Sejenak Kugy hanya terdiam. “Keenan, orang tuaku akan transmigrasi ke Bali, sepertinya kita akan berpisah dan kita tidak akan satu sekolah lagi.” Jawab Kugy. Keenan melihat matanya Kugy berkaca-kaca.
“Kugy walaupun kita berpisah, tapi kita akan bersahabat selamanya.” Kataku sambil kupegang tangannya erat-erat. Mataku pun mulai basah. Kugy hanya diam menatapku.
“Kugy semangat ya, jangan menangis ingat raih cita-citamu!” Kata Keenan.
“Ya, Keenan juga harus wujudkan cita-cita Keenan” jawab Kugy.
“Aku berjanji Kugy kelak aku pasti jadi pelukis yang sukses.”

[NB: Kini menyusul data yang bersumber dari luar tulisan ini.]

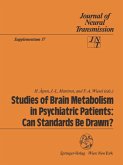 Studies of Brain Metabolism in Psychiatric Patients: Can Standards Be Drawn? (eBook, PDF)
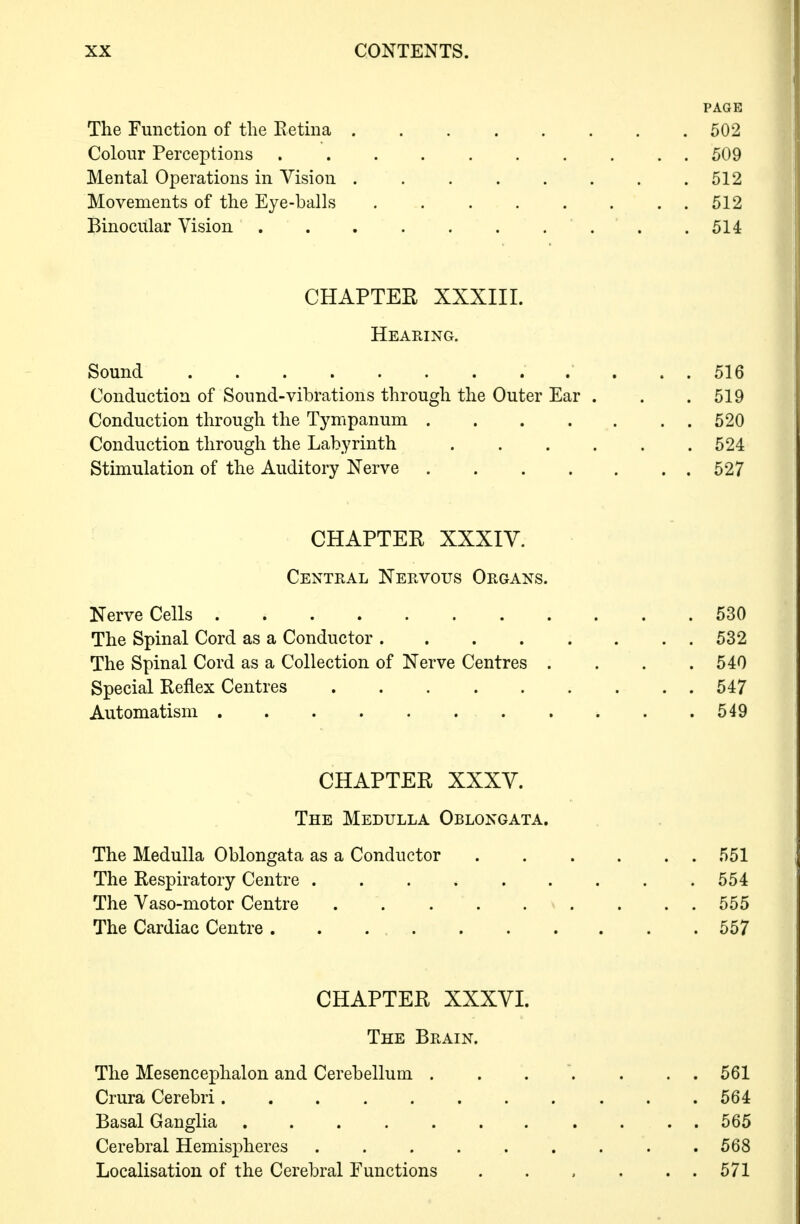 PAGE The Function of the Eetma 502 Colour Perceptions .......... 509 Mental Operations in Vision . . 512 Movements of the Eye-balls 512 Binocular Vision . .514 CHAPTER XXXIII. Hearing. Sound 516 Conduction of Sound-vibrations through the Outer Ear . . .519 Conduction through the Tympanum 520 Conduction through the Labyrinth . . . . . .524 Stimulation of the Auditory Nerve 527 CHAPTER XXXIV. Central Nervous Organs. Nerve Cells 530 The Spinal Cord as a Conductor. . . . . . . . 532 The Spinal Cord as a Collection of Nerve Centres . . . .540 Special Reflex Centres 547 Automatism 549 CHAPTER XXXV. The Medulla Oblongata. The Medulla Oblongata as a Conductor ...... 551 The Respiratory Centre . . . . . . . . .554 The Vaso-motor Centre . . . . . . . ..555 The Cardiac Centre . . 557 CHAPTER XXXVI. The Brain. The Mesencephalon and Cerebellum ....... 561 Crura Cerebri 564 Basal Ganglia ........... 565 Cerebral Hemisj^heres ......... 568 Localisation of the Cerebral Functions . . , . . . 571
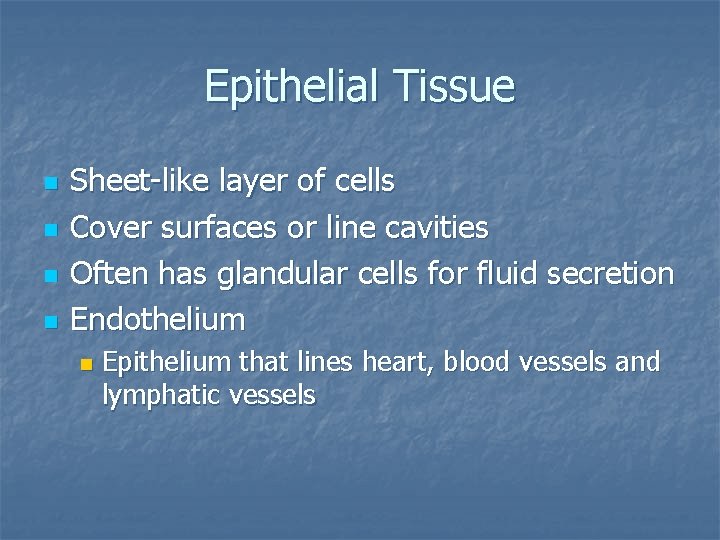 Epithelial Tissue n n Sheet-like layer of cells Cover surfaces or line cavities Often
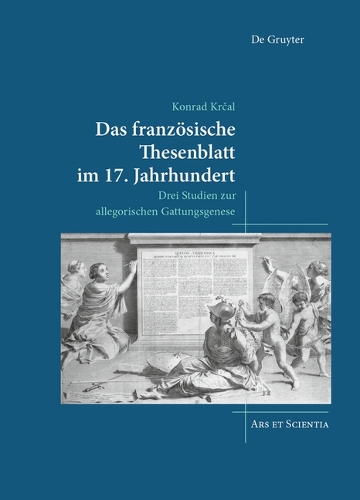 Бумажная книга «Das französische Thesenblatt im 17. Jahrhundert: Drei Studien zur allegorischen Gattungsgenese», автор Конрад Крчал - фото №1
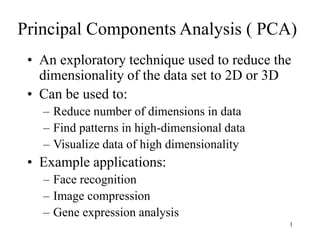 1
Principal Components Analysis ( PCA)
• An exploratory technique used to reduce the
dimensionality of the data set to 2D or 3D
• Can be used to:
– Reduce number of dimensions in data
– Find patterns in high-dimensional data
– Visualize data of high dimensionality
• Example applications:
– Face recognition
– Image compression
– Gene expression analysis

“Aku akan meraih impian itu Kugy” Kata Keenan
Semenjak itu aku kehilangan sahabat terbaikku, namun karena janjiku pada Kugy hatiku jadi merasa tergerak dan termotivasi. Aku berusaha dengan tekun agar cita-citaku bisa terwujud.
Sekarang 15 tahun telah berlalu aku, sudah tumbuh dewasa dan menjadi seorang pelukis muda yang terkenal di Bandung. Lama tidak bertemu dengan sahabatku, ternyata Kugy pun kini telah berhasil menjadi seorang penulis dongeng. Kugy mengucapkan banyak terima kasih kepadaku. Katanya sih akulah yang telah mengubah hidupnya dulu, hingga kini Kugy sukses. Aku merasa bahagia telah menjadi sahabat yang baik untuk Kugy.
Kugy kembali ke Bandung, aku dan Kugy kini bekerja sama. Kugy sebagai penulisnya dan akulah yang menjadikan lukisannya. Tulisannya menjadi inspirasiku dalam melukis. Pesahabatan Aku dan Kugy bagai sebuah Pena dan Kertas yang tidak akan pernah terpisahkan. Pena tak akan berguna tanpa sebuah kertas dan begitu pula sebaliknya. Pena dan Kertas akan bersatu dan menjadikannya sebuah karya.